The reason for these differences is Barnes’ family. He is the father of three boys, ages 3, 2 and 6 months and is working to get his MBA in supply chain management. Time is valuable to students like Barnes who are going to school while raising a family.
“If you don’t control your schedule, your schedule will control you,” Barnes said. “I spend tons of time with my kids. I spend over 30 hours a week at home with my kids, not including sleep.”
Barnes said the secret to thriving is that he segments his time rather than integrating, meaning he separates his time at school from his time at home.
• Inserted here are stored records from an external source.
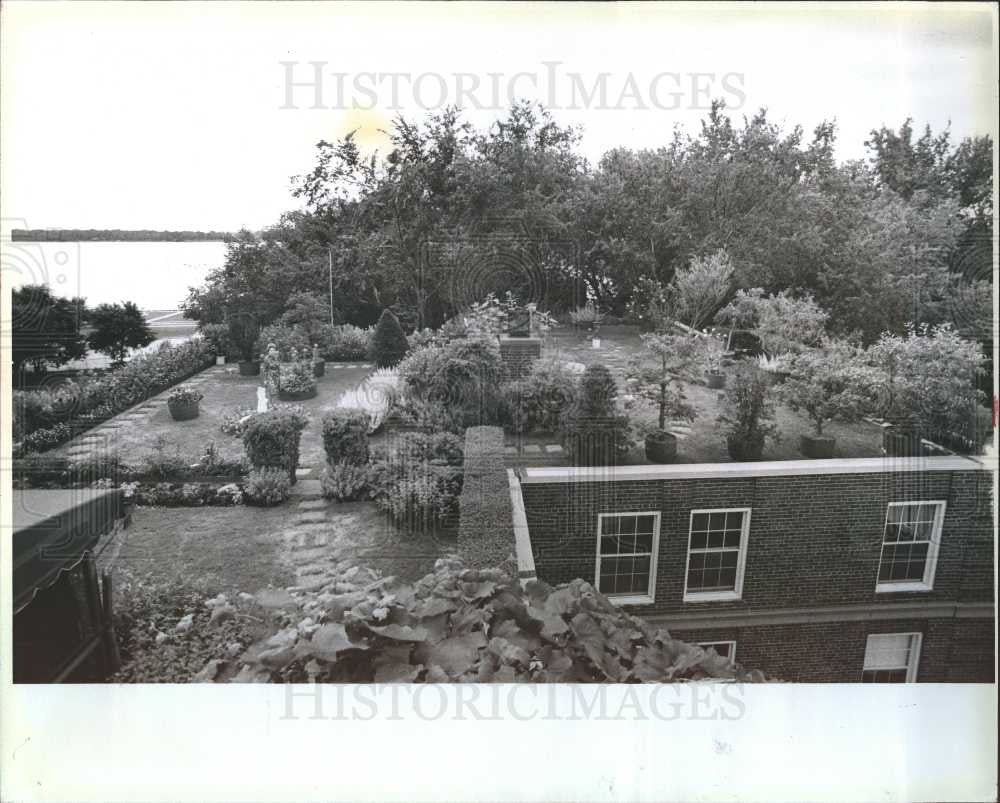 1979 Press Photo Leonard Reume roof garden landscape - Historic Images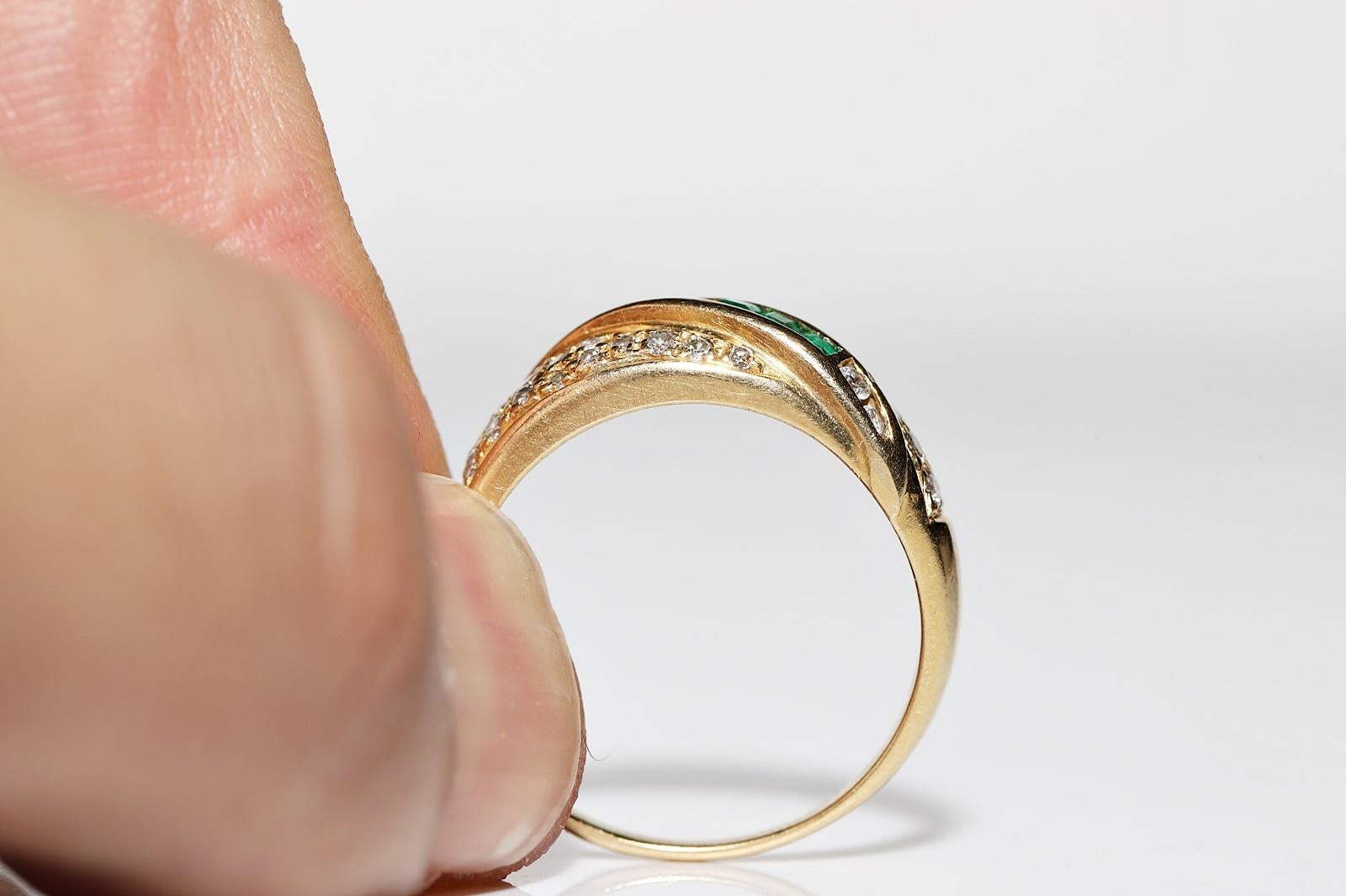 Vintage Circa 1970s 18k Gold Natural Diamond And Caliber Emerald Ring For Sale 6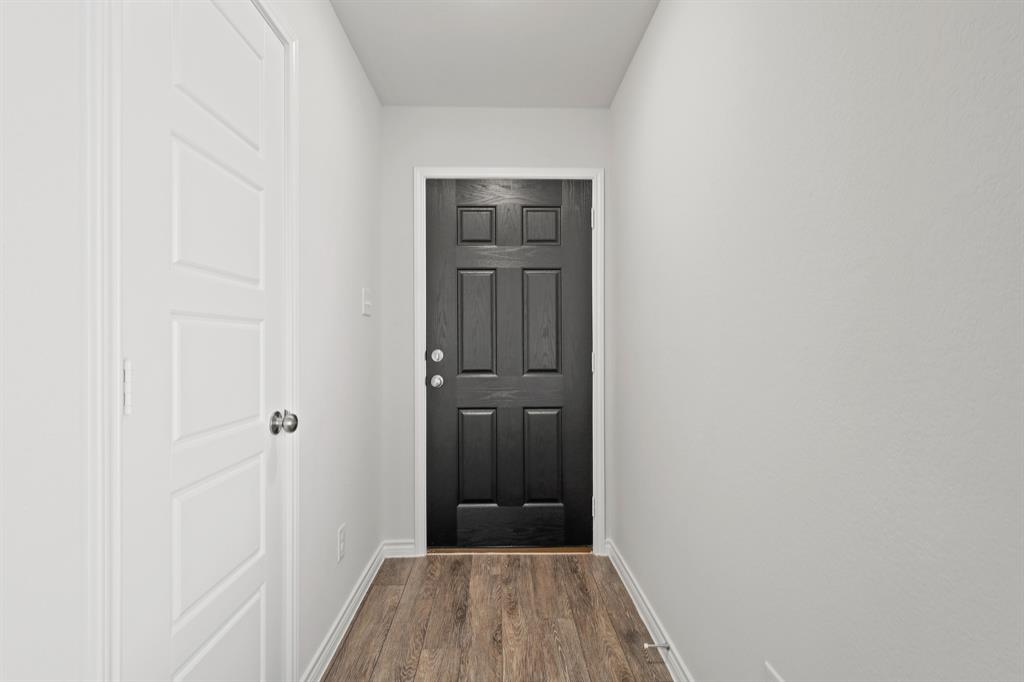 1600 Romans Road Ennis, TX 75119 - Photo 4 of 19 a view of a hallway
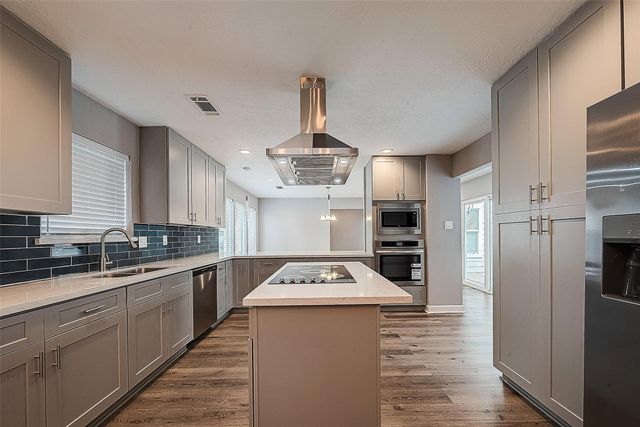 1623 Cherry Ridge Drive, Houston, TX 77077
“When I’m home, I’m home,” he said. “When I’m at school, I’m at school. I think it’s better to keep the two separate. I have cute kids and a gorgeous wife. That encourages me to segment.”
Though he generally likes to keep school and family separate, Barnes said he likes when his wife will surprise him by bringing his kids to campus. In order to spend time at home with his family, Barnes can’t afford to spend time as he did before having kids.
“I am much clearer about what I have to do,” Barnes said. “My focus and goals are clearer. Guys without kids can chat on Facebook, and two hours will go by with getting nothing done. It made me be more effective because I have to be there for my kids.”
Laurel Dorff, a senior studying finance, has a five-month-old son named Lincoln. She said it makes a big difference that her husband graduated. When he comes home, she can do homework.
Dorff said communicating the reality of her life and managing expectations are key. She said that from the start she tells all of her study groups she has a son. They have been understanding, and so have her teachers.
“I make friends (in the study group) and try to overcontribute,” Dorff said. “On nights when they meet too late, I call in so I can be at home and make sure I have everything ready.”
Dorff said her priorities have changed now that she is a parent.
“I was an almost straight-A student,” she said. “I adjusted to not be able to put 100 percent into school. Some things have to do.”
Dorff kept attending school during and after her pregnancy. She said she encourages others in her position to keep going with school.
“My best advice is to power through,” she said. “It’s harder to start again. Take one or two classes online. This is my life, and I’m happy. The hardest thing is when others can’t relate. You just have to know your limits and explain — be very transparent.”
Kelly Matsunaga and her husband are both students and have a baby daughter named Annie. They have classes at different times and can trade off watching Annie. Though Matsunaga said they are busy, they have also gained much joy from their daughter.
“When people find out that I am going to school with such a young baby they always ask, ‘How do you do it?'” Matsunaga said. “Honestly, we have found that when we put our relationships with God and each other first, everything else really takes care of itself. Even though we are busier than ever and have less time to do schoolwork, everything works out. It really is a miracle.”
Steve Duncan, a professor of family life, said having children is a transition to a different stage of life that “changes everything about our realities.”
“When you’re a couple and then baby makes three, there are challenges and then blessings that occur during that time,” Duncan said. “For example, when children enter, the couple gets less sleep. They have to carve out their time that they have as a couple and keep that relationship strong. What makes it really work well is when couples already are one in terms of focusing on the needs of the child.”
Duncan said understanding the Plan of Salvation and knowing the role of parents helps husbands and wives to have a shared vision.
“We’re not as child-friendly as we used to be as a culture, but as Latter-day Saints, who are having children and seeking to become parents, we have the Proclamation to the World so woven into our doctrine,” he said.
Matsunaga said having Annie “brought a new level of happiness” to her life.
“Is it hard? Yes, absolutely,” Matsunaga said. “Do I have to make sacrifices? Definitely. But having Annie, even while I’m in school, has brought more success, joy and peace than I ever imagined.”